**Crawled caption data**
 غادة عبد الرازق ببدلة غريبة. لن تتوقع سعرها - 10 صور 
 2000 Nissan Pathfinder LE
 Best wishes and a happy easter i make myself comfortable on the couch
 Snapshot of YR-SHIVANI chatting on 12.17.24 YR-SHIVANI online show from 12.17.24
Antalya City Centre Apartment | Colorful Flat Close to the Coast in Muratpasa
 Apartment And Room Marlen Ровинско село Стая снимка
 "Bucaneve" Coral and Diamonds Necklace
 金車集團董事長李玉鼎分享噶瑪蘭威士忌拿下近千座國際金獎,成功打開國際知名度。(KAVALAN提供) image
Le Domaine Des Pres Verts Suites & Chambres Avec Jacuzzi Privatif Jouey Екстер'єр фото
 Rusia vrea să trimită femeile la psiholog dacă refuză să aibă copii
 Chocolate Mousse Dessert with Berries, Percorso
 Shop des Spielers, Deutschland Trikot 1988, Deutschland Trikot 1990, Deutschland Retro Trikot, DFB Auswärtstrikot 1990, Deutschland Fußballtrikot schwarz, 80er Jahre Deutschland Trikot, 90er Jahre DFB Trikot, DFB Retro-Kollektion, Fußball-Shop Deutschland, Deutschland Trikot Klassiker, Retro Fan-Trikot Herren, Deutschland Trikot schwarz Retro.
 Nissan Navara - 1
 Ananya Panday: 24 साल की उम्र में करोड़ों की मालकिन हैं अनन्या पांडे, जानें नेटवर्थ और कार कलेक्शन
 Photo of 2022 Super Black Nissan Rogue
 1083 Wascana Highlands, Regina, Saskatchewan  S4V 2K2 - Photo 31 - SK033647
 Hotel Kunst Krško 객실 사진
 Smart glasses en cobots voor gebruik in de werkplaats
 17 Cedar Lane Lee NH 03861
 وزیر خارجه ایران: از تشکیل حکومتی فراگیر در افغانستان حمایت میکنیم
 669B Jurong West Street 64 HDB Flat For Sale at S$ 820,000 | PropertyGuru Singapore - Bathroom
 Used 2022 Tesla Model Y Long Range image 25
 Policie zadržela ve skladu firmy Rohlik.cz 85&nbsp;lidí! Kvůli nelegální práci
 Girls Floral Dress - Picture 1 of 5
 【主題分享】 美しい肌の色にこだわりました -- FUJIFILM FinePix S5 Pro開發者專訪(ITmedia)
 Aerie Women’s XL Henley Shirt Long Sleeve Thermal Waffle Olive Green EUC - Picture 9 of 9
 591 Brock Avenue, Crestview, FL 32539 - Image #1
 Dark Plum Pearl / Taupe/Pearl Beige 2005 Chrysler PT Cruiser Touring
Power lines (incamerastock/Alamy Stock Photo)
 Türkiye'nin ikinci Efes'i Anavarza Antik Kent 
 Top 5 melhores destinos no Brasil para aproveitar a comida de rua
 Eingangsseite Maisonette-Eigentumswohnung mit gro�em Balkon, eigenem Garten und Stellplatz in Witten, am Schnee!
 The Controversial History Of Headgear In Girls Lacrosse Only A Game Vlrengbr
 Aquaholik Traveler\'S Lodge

**Prompt**
Nothing should be changed: write out all of the data as is.

**Answer section**
 غادة عبد الرازق ببدلة غريبة. لن تتوقع سعرها - 10 صور 
 2000 Nissan Pathfinder LE
 Best wishes and a happy easter i make myself comfortable on the couch
 Snapshot of YR-SHIVANI chatting on 12.17.24 YR-SHIVANI online show from 12.17.24
Antalya City Centre Apartment | Colorful Flat Close to the Coast in Muratpasa
 Apartment And Room Marlen Ровинско село Стая снимка
 "Bucaneve" Coral and Diamonds Necklace
 金車集團董事長李玉鼎分享噶瑪蘭威士忌拿下近千座國際金獎,成功打開國際知名度。(KAVALAN提供) image
Le Domaine Des Pres Verts Suites & Chambres Avec Jacuzzi Privatif Jouey Екстер'єр фото
 Rusia vrea să trimită femeile la psiholog dacă refuză să aibă copii
 Chocolate Mousse Dessert with Berries, Percorso
 Shop des Spielers, Deutschland Trikot 1988, Deutschland Trikot 1990, Deutschland Retro Trikot, DFB Auswärtstrikot 1990, Deutschland Fußballtrikot schwarz, 80er Jahre Deutschland Trikot, 90er Jahre DFB Trikot, DFB Retro-Kollektion, Fußball-Shop Deutschland, Deutschland Trikot Klassiker, Retro Fan-Trikot Herren, Deutschland Trikot schwarz Retro.
 Nissan Navara - 1
 Ananya Panday: 24 साल की उम्र में करोड़ों की मालकिन हैं अनन्या पांडे, जानें नेटवर्थ और कार कलेक्शन
 Photo of 2022 Super Black Nissan Rogue
 1083 Wascana Highlands, Regina, Saskatchewan  S4V 2K2 - Photo 31 - SK033647
 Hotel Kunst Krško 객실 사진
 Smart glasses en cobots voor gebruik in de werkplaats
 17 Cedar Lane Lee NH 03861
 وزیر خارجه ایران: از تشکیل حکومتی فراگیر در افغانستان حمایت میکنیم
 669B Jurong West Street 64 HDB Flat For Sale at S$ 820,000 | PropertyGuru Singapore - Bathroom
 Used 2022 Tesla Model Y Long Range image 25
 Policie zadržela ve skladu firmy Rohlik.cz 85&nbsp;lidí! Kvůli nelegální práci
 Girls Floral Dress - Picture 1 of 5
 【主題分享】 美しい肌の色にこだわりました -- FUJIFILM FinePix S5 Pro開發者專訪(ITmedia)
 Aerie Women’s XL Henley Shirt Long Sleeve Thermal Waffle Olive Green EUC - Picture 9 of 9
 591 Brock Avenue, Crestview, FL 32539 - Image #1
 Dark Plum Pearl / Taupe/Pearl Beige 2005 Chrysler PT Cruiser Touring
Power lines (incamerastock/Alamy Stock Photo)
 Türkiye'nin ikinci Efes'i Anavarza Antik Kent 
 Top 5 melhores destinos no Brasil para aproveitar a comida de rua
 Eingangsseite Maisonette-Eigentumswohnung mit gro�em Balkon, eigenem Garten und Stellplatz in Witten, am Schnee!
 The Controversial History Of Headgear In Girls Lacrosse Only A Game Vlrengbr
 Aquaholik Traveler\'S Lodge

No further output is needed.